### Source material
BEGIN
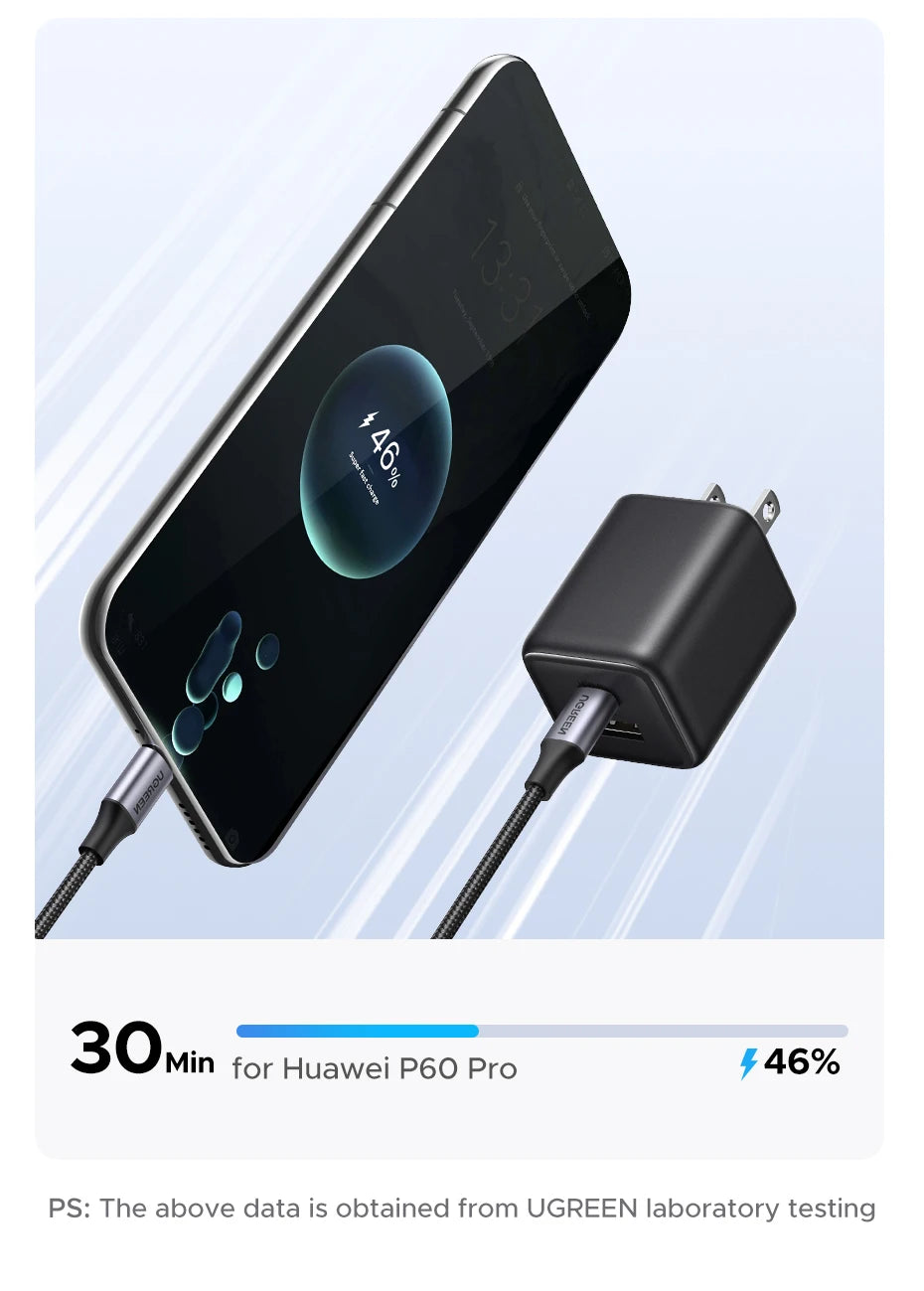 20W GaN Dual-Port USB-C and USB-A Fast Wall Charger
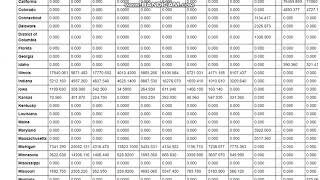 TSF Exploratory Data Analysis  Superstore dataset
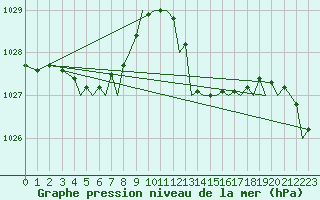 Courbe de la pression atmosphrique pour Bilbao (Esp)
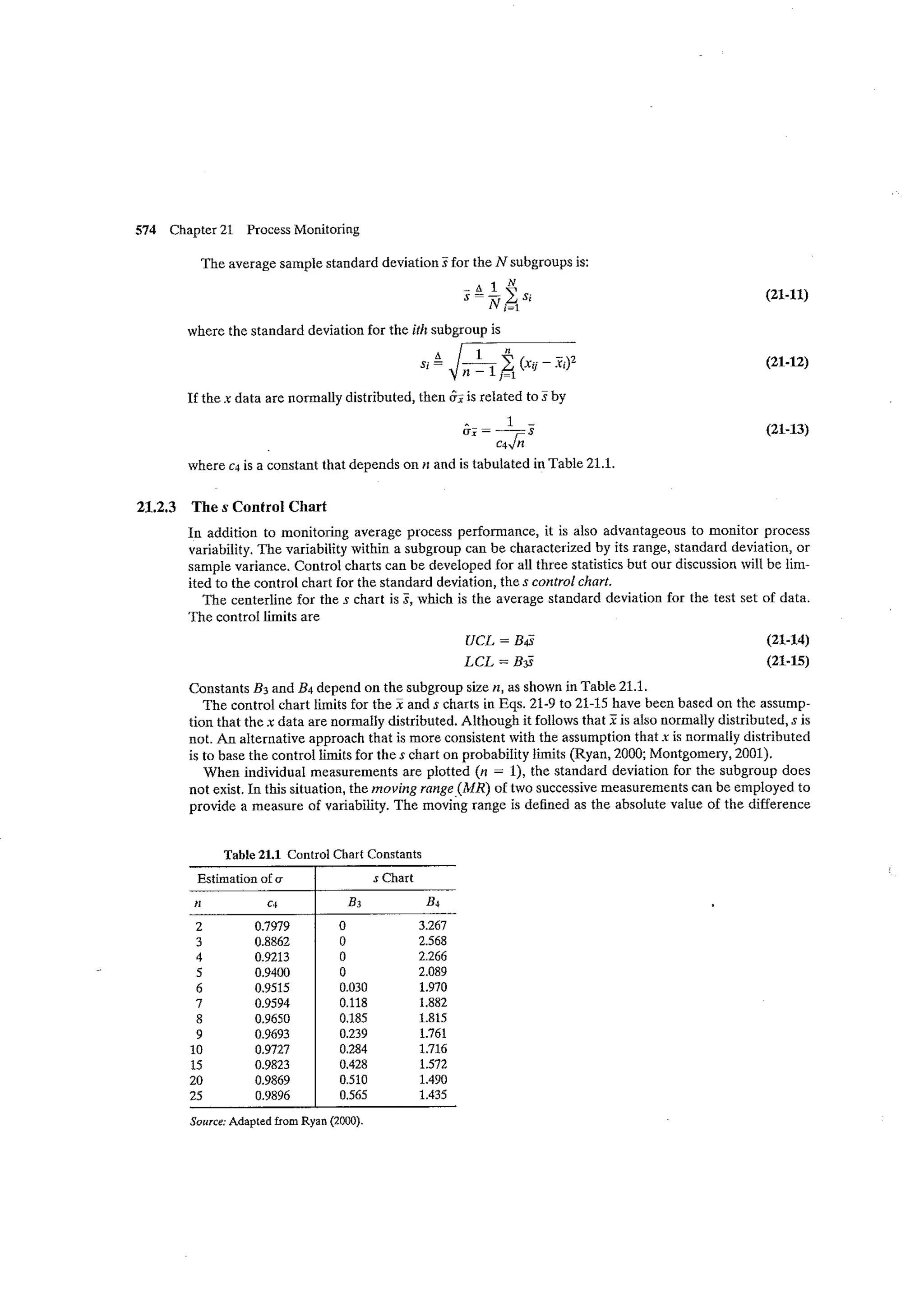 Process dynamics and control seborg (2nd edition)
END
### Work to complete
Once more, please print all the lines above exactly, without their pictures.

### Solved exercise
 20W GaN Dual-Port USB-C and USB-A Fast Wall Charger
 TSF Exploratory Data Analysis  Superstore dataset
 Courbe de la pression atmosphrique pour Bilbao (Esp)
 Process dynamics and control seborg (2nd edition)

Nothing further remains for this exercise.